David Punter
Selpae
There were a few other animals I think Selpae
floating about. There is a very minute animal
which I have several times noticed
in the tropical seas
moving about on the surface of the water
like a small water beetle
or a fly trying to get out of a bowl of milk.
I cannot at all see its form
but merely the commotion it makes.
Expect to get into Bombay on Thursday next.
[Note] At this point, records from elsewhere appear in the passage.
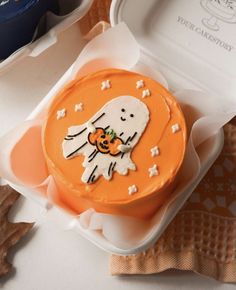 an orange cake decorated with a ghost and pumpkin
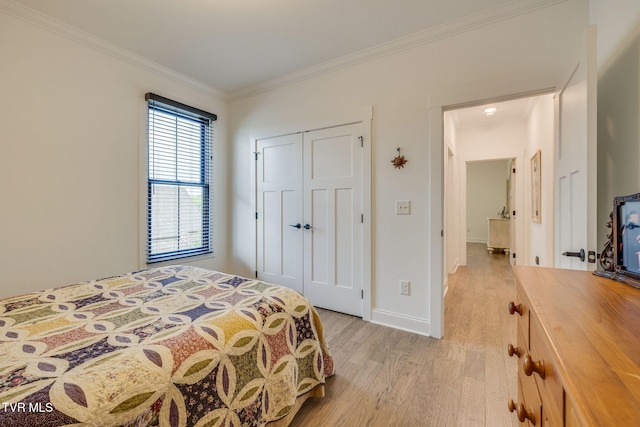 bedroom with light wood-style flooring, ornamental molding, a closet, and baseboards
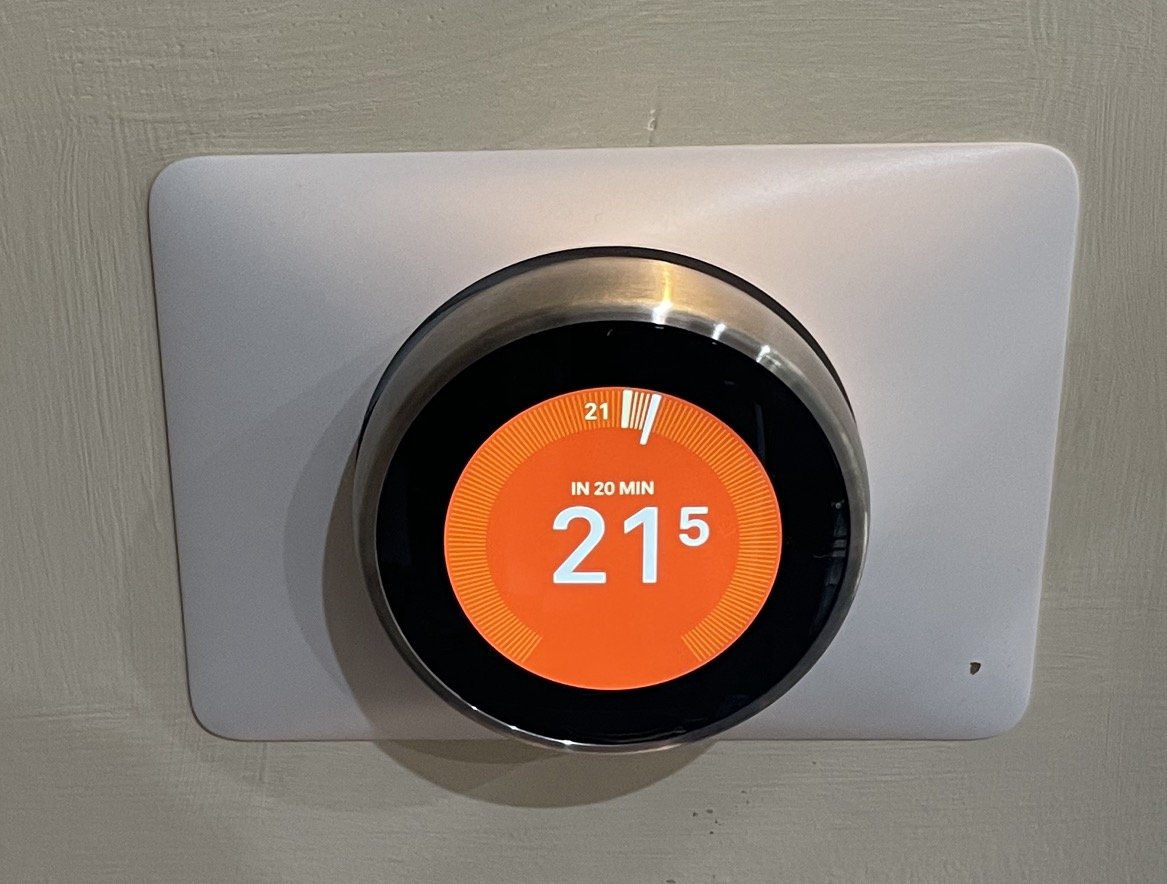 Close up of a Nest thermostat showing 21.5 degrees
(excerpt from the diary of Samuel Archer MRCS, Cork to Bombay 1857)
Selpae
Selpae: asleep, elapse, please, all you get
of this creaturely life afloat or adrift
are re-formations, but they too make a kind of sense:
these tiny creatures, too minute to see may indeed
be asleep until disturbed by the attentions of the naturalist,
and as he watches, alert for the merest movement,
the slightest indication of purpose, motive, motion -
will he notice time elapse as, transfixed as on a pin
and constant in his endeavour to match, to find
similarity, to invent new sea-borne metaphor,
he fails to notice the slipping away, the hiatus
in mind as he is possessed by this new sense of being,
by these creatures who appear to do exactly,
confidently, with commotion, unintelligibly
even to these marvellously adapted senses of man,
whatever it is they innocently, indolently, please?
Commentary
This is one of a series of poems written as responses to extracts from the diaries and letters of passengers held in the archives of the SS Great Britain, the great steamship now berthed as a museum in Bristol Harbour. The whole collection will be published later this year under the title Ship's Log.